TASK REQUIREMENTS — Reproduce the entire listing exactly. Leave the pictures out.

RAW DATA —
◆ ◆ ◆ ◆ ◆ ◆ ◆

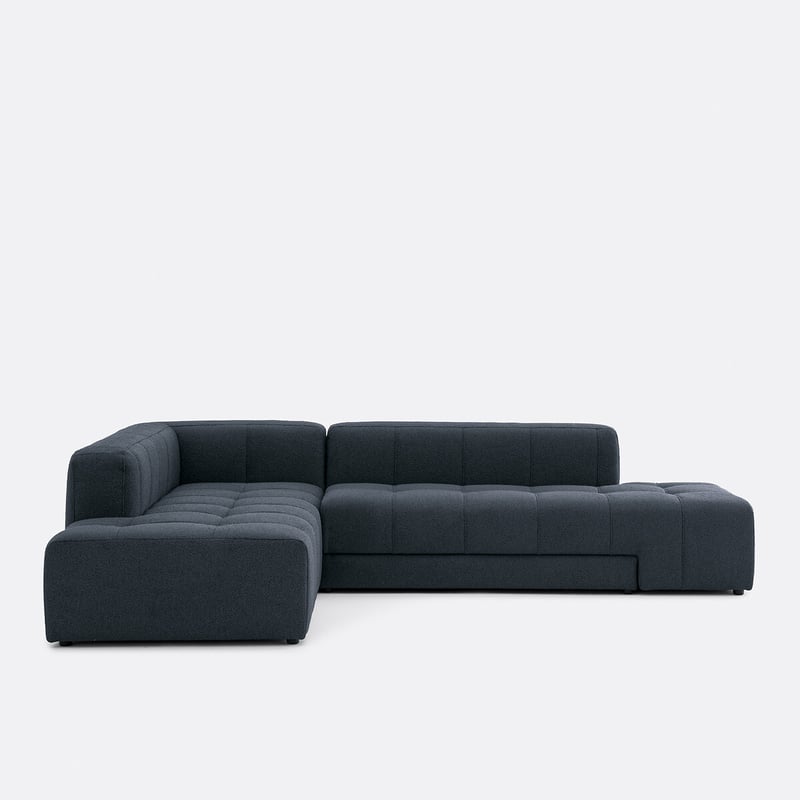 Ecksofa, Links, Umbaubar, Aus Feinem Bouclé, Fano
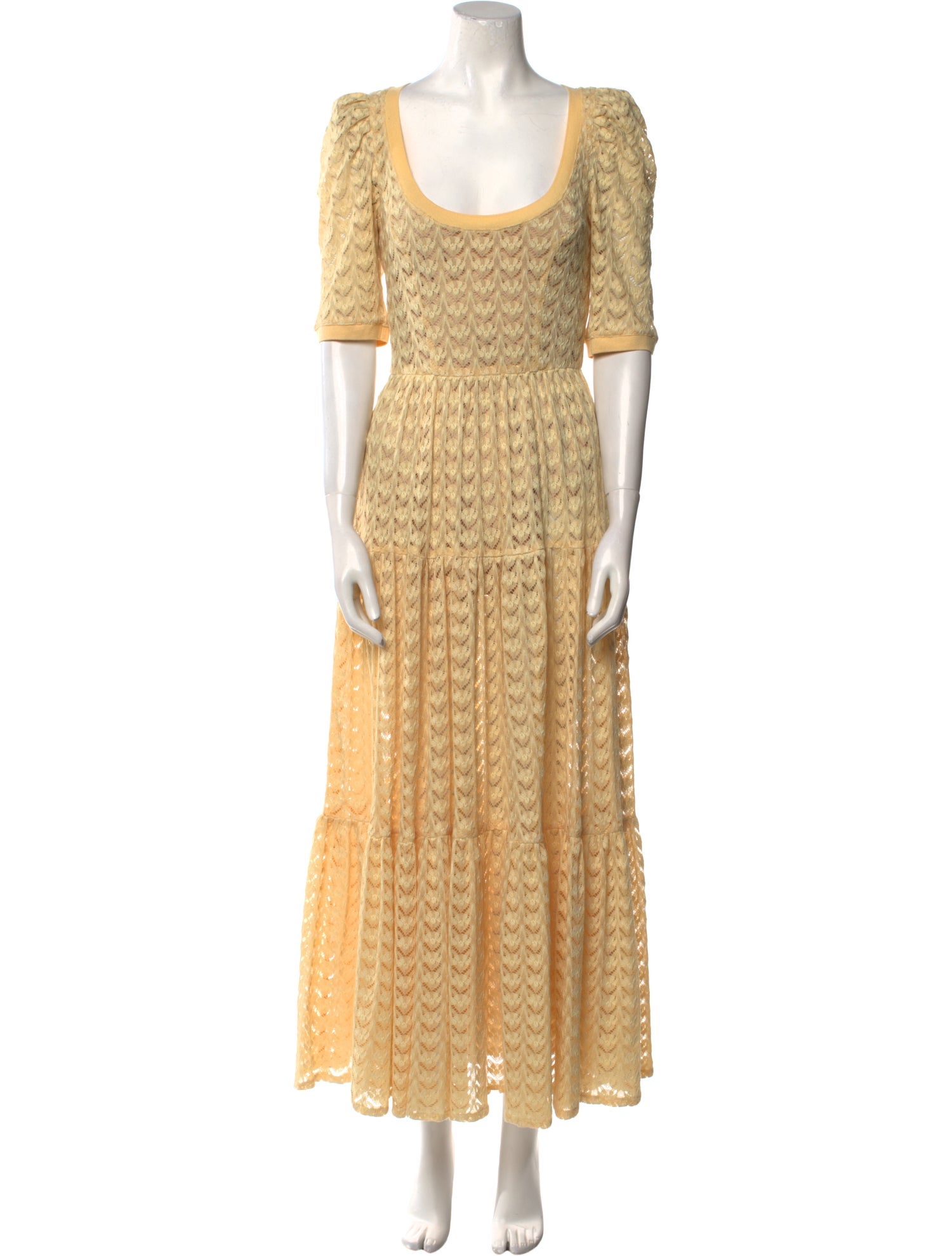 Sabina Musayev Scoop Neck Long Dress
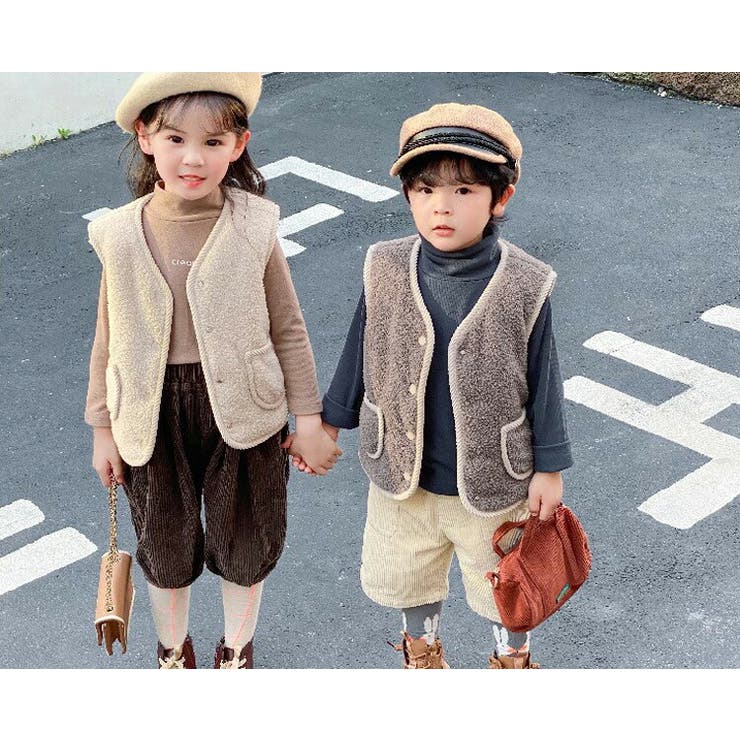 ボア ベスト キッズ[品番：TY000008131]｜Kids Teddy（キッズ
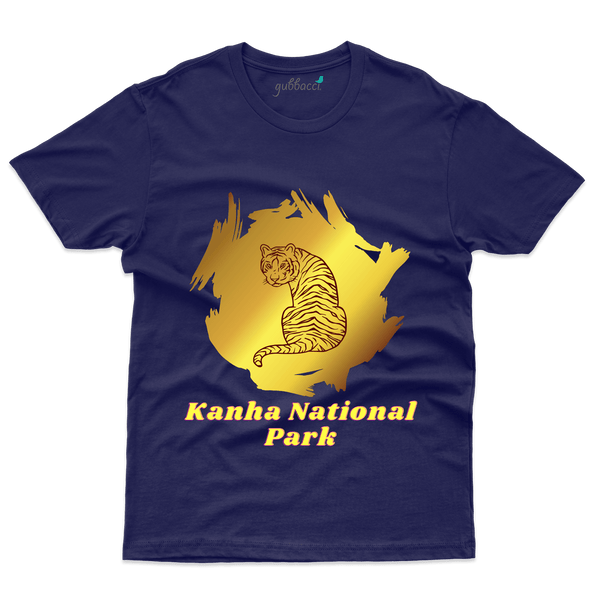 Golden Tiger T-Shirt -Kanha National Park Collection - Gubbacci-India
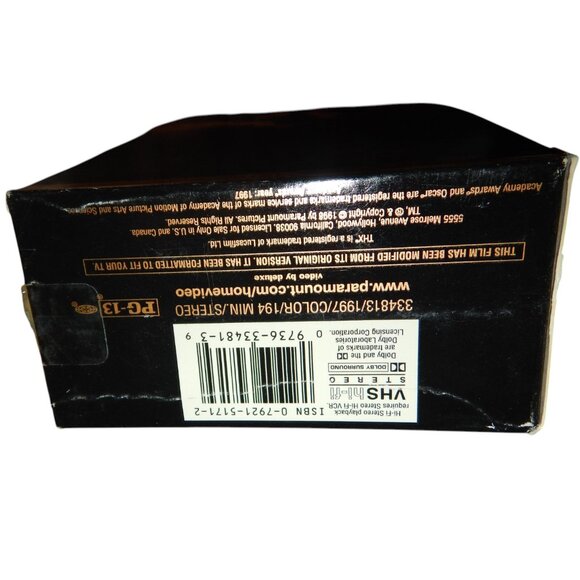 TITANIC vintage 2pc VHS in original paper box set case DiCaprio Winslet - Picture 8 of 8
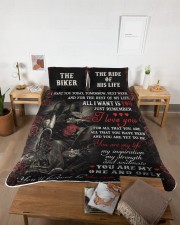 Personalized Motorcycling I Want You Today Queen Quilt Bed Set aos-queen-quilt-bed-set-lifestyle-front-04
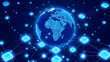 © edi - A glowing blue globe represents our interconnected world
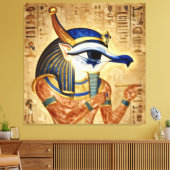 Das Ägyptische Auge Canvas Afdruk (Insitu (Woonkamer))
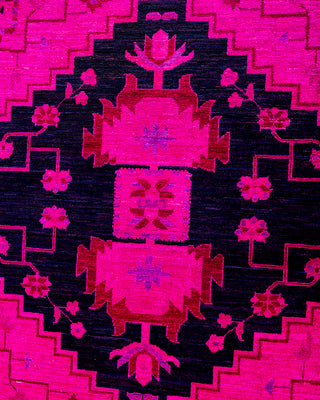 Overdyed Hand-Knotted Pink Area Rug 8' 10" x 12' 3"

◆ ◆ ◆ ◆ ◆ ◆ ◆

RESPONSE —
 Ecksofa, Links, Umbaubar, Aus Feinem Bouclé, Fano
 Sabina Musayev Scoop Neck Long Dress
 ボア ベスト キッズ[品番：TY000008131]｜Kids Teddy（キッズ
 Golden Tiger T-Shirt -Kanha National Park Collection - Gubbacci-India
 TITANIC vintage 2pc VHS in original paper box set case DiCaprio Winslet - Picture 8 of 8
 Personalized Motorcycling I Want You Today Queen Quilt Bed Set aos-queen-quilt-bed-set-lifestyle-front-04
 © edi - A glowing blue globe represents our interconnected world
 Das Ägyptische Auge Canvas Afdruk (Insitu (Woonkamer))
 Overdyed Hand-Knotted Pink Area Rug 8' 10" x 12' 3"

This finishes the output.